A cannibalistic caterer prepares a grand feast for the Egyptian goddess who has him under her control. No pork pies or scotch eggs for goddess Ishtar though – only the finest young women will do, chopped up to bits and dressed up as party food. Tasty.

REVIEW:

“I’ve always compared Blood Feast to a Walt Whitman poem,” Herschell Gordon Lewis once said of his infamous gore movie. “It was no good, but it was the first of its kind.” Quite. Blood Feast is indeed rubbish, but it did help to inspire a whole sub genre. Blood Feast 2 has no such excuse. Released almost forty years after the fist movie, how would it fare in a world now used to gore and splatter? The answer: not very well. Regardless of whatever environment or context the film was released to, Blood Feast 2 never was nor ever will be a good film.

It did manage to get in before the ‘torture P*rn’ boom though, being released three years before the likes of Hostel and Saw. It deserves some credit for that, although its influence (more grand guignol than torture flick) has been negligable at best.

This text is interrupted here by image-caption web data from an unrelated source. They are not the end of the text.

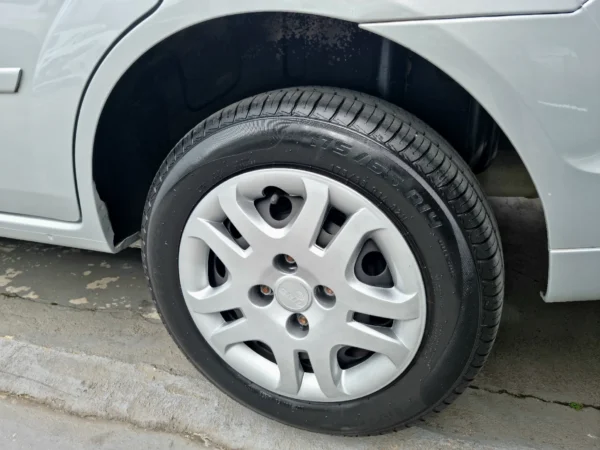 FORD FIESTA - Image 18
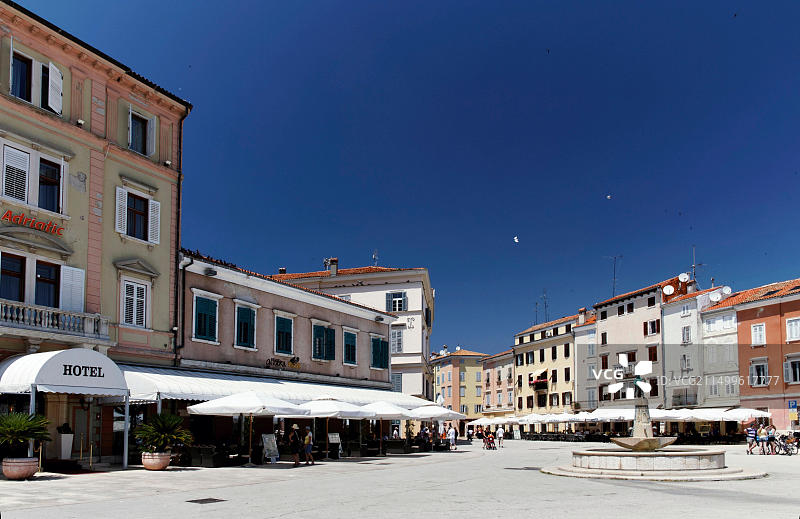克罗地亚伊斯特拉丰塔纳广场亚得里亚海酒店图片素材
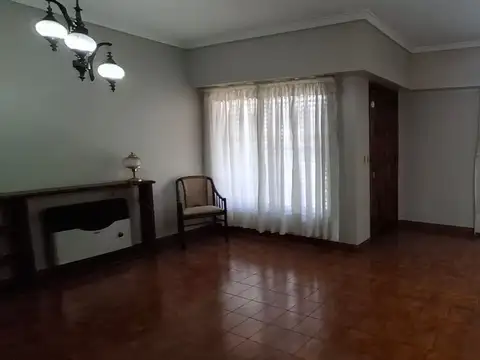 Casa 6 ambientes con 3 baños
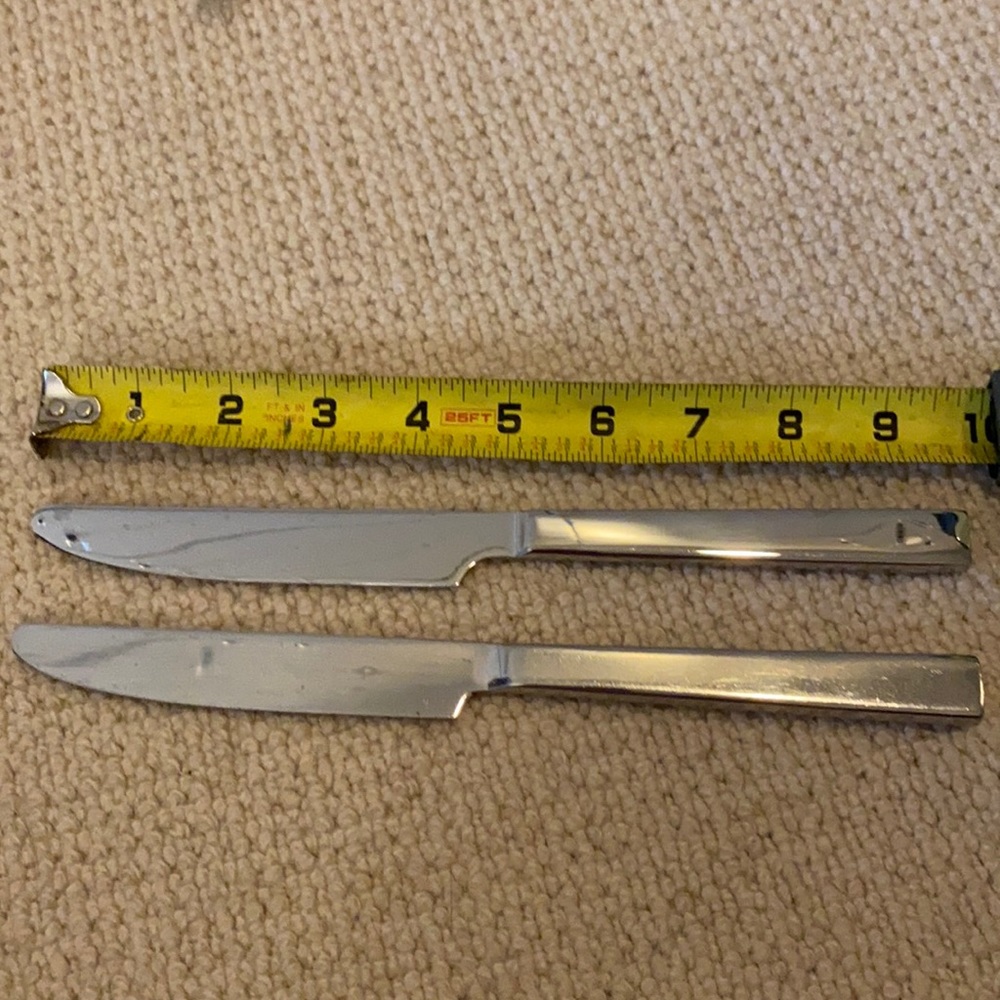 2 Ralph Lauren knives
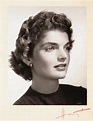 1953 portrait of Jacqueline Bouvier by Horst. | Arty Kennedy ...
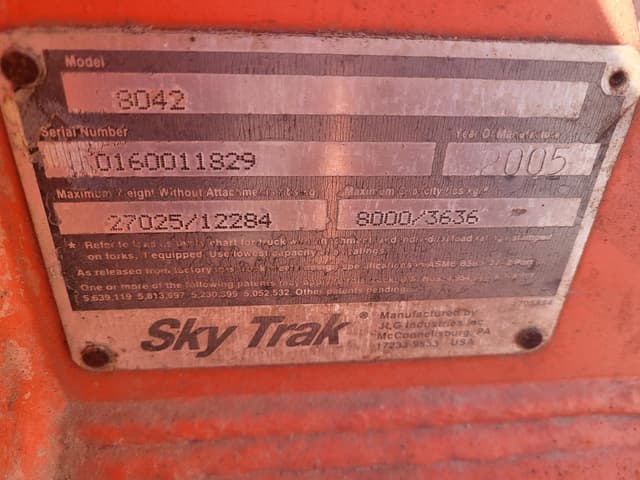 Image of Skytrak 8042 equipment image 4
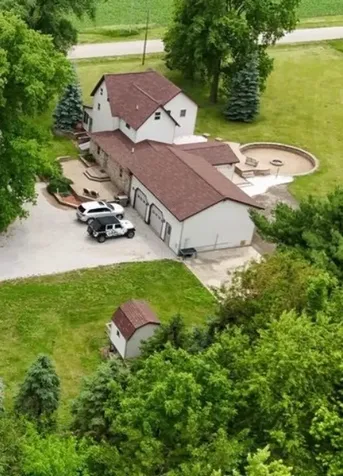 382 Keigwin Road Walnut IL 61376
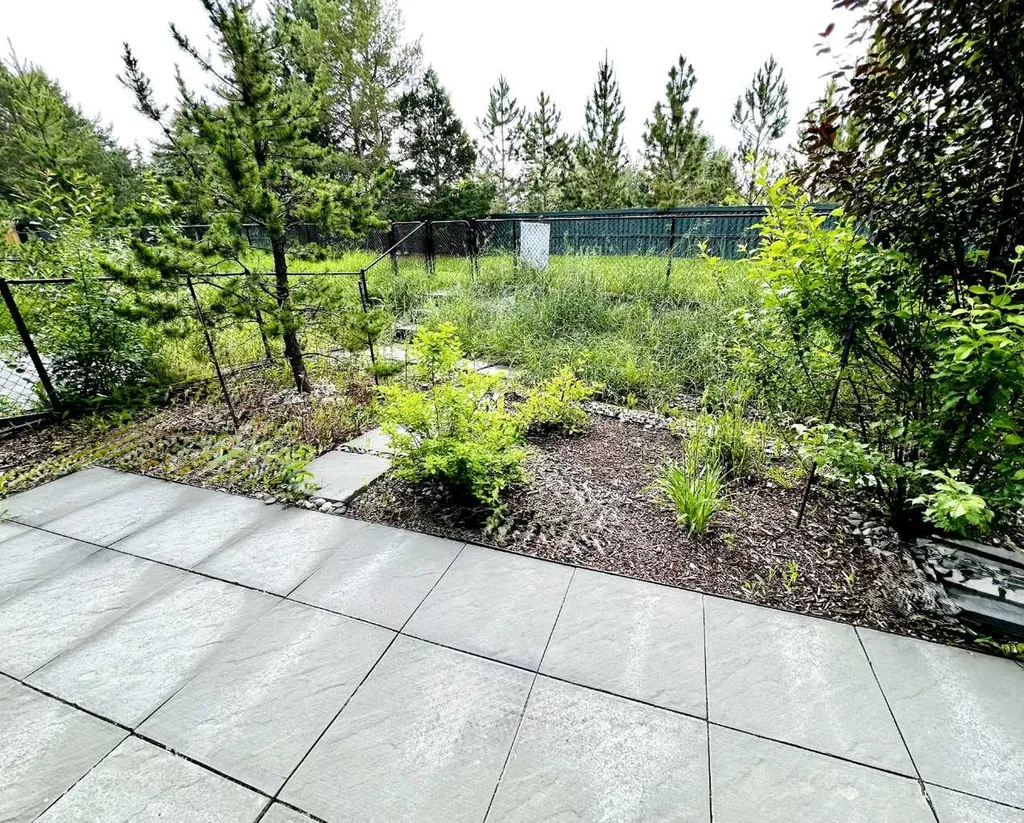 1304 Rutherford Road Edmonton AB T6W0B4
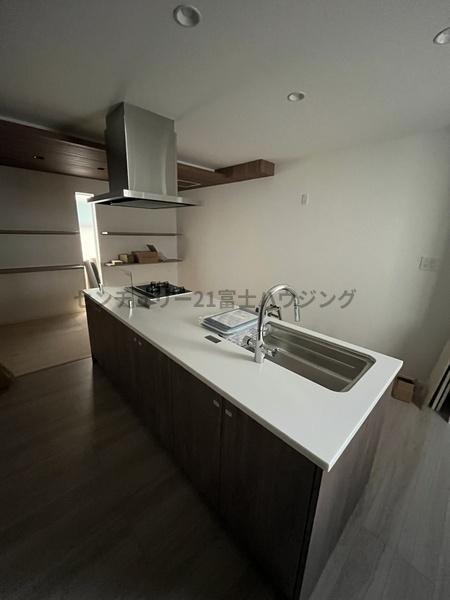 �_�ސ쌧������s�����u1���ڂ̐V�z��ˌ��ẴL�b�`��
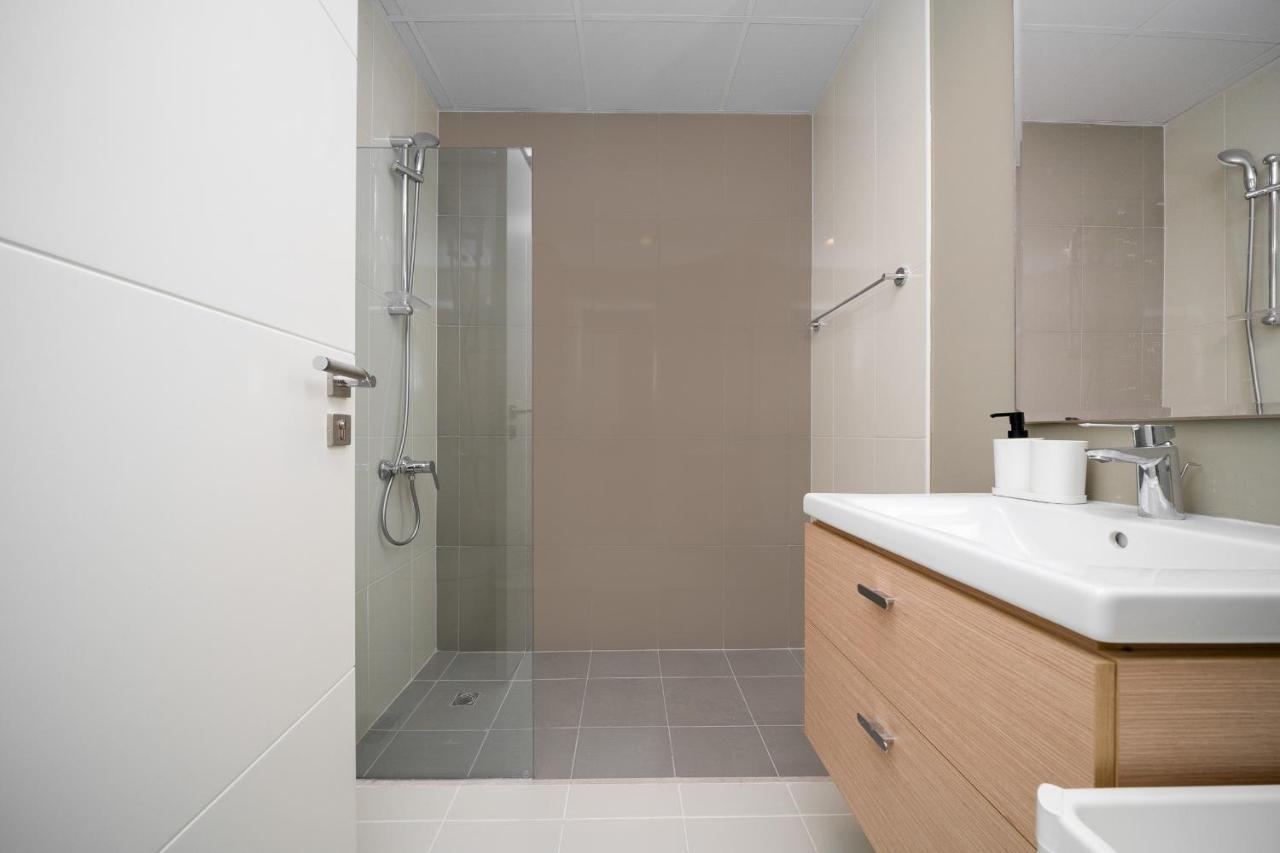 Villa Alh Vacay - Damac Hills 2 Centaury 3br
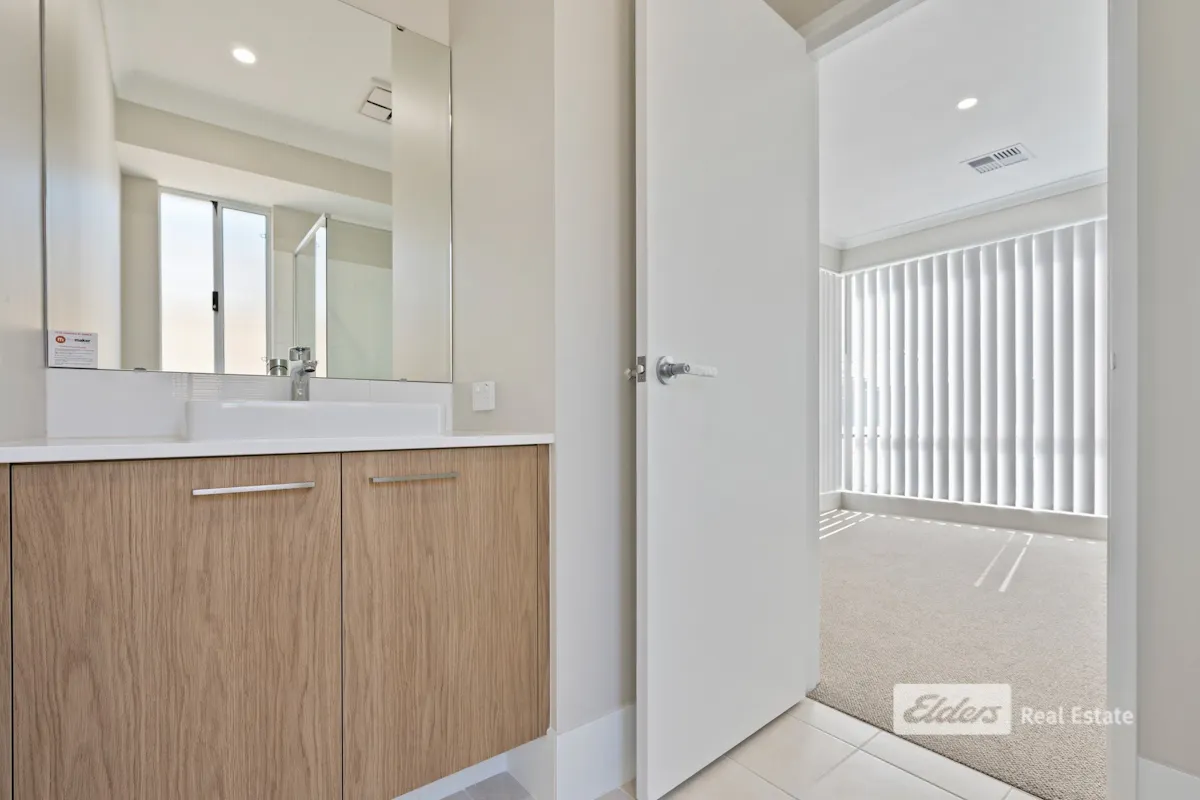 24 Neslite Road — photo 6 of 11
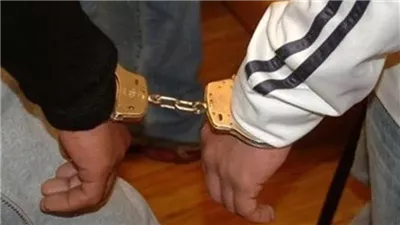 القبض على متهمين بسرقة مشغولات ذهبية وأموال من شقة سيدة في 6 أكتوبر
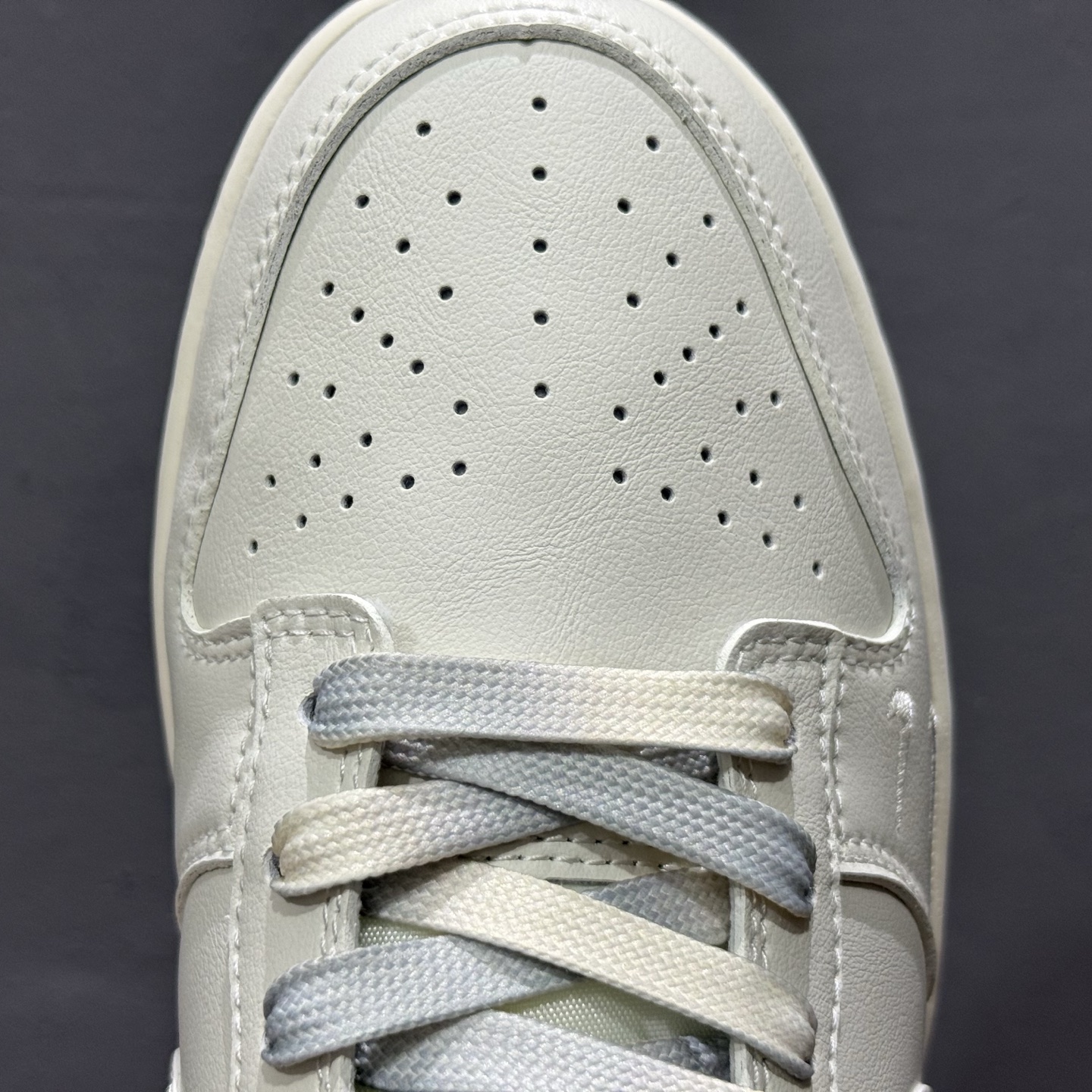 Louis Vuitton x Nike Dunk Low 米灰双勾水晶底 XX3168-190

I remember seeing Blood Feast 2 back then and being profoundly disappointed. As have been, in fact, by all of Herschell Gordon Lewis’s movies. His most famous film – Two Thousand Maniacs! – is one of the few horror movies which benefits from a remake. 2001 Manaics is a bad movie itself, but it still manages to be better than Lewis’s version. For shame.

Blood Feast 2 revisits the Rameses family, with Faud Rameses III (Delahoussey) returning to Miami to make a go of his grandfather’s old catering company. It doesn’t take long for prospective business to come knocking on his door, with the local Sheriff’s mother-in-law hiring him to host a wedding. Things are looking good for Rameses III, until he finds an old statue of his grandfather’s. Lo, the goddess Ishtar is unleashed, and poor Faud is forced to become her puppet. This spells doom for the local ladies, who soon find themselves on the fast track towards Rameses’ buffet table. With tedious inevitability, we watch as Rameses chloroforms his victims, ties them to chairs and sets about them with various power tools and implements of bodily destruction.

Lewis drags Bood Feast into the twenty-first century, although (horrible title aside) it feels fairly old fashioned. There’s no real plot, aside from a number of (admittedly well done) gore scenes loosely strung together by Delahoussey’s game mugging and a cameo from that master of good taste, John Waters himself. That says it all, really, as the two directors have a very similar mindset (add Lloyd Kaufman to that list) – their movies may not always (or ever)be technically proficient, but they never fail to make an impact.

For in spite of its lack of story, dire script and awful acting, Blood Feast 2 certainly makes an impact. The gore is very well done and occasionally disturbing at times. By far the most effective and memorable sequence is one in which Rameses performs brain surgery on one bound and gagged victim, shown in uncomfortable close-up. Bright red, gloopy and sickening, it’s vibrantly depicted and veritably abundant. For all its sins, the film certainly doesn’t skimp on the gore. The overall colour palette is incredibly bright, like a Troma film: visually, it’s the polar opposite of every other torture film out there. It should be too cartoonish and unrealistic to be effective, but somehow Lewis makes it work. It’s just a shame that he doesn’t integrate those brilliant gore sequences into a better movie.

It may have been almost forty years in the making, but Blood Feast 2 is undercooked, over-egged and not nearly filling enough. By all means, fill your boots with All U Can Eat, just don’t come crying to us when you realise it leaves a distinctly bland taste in the mouth.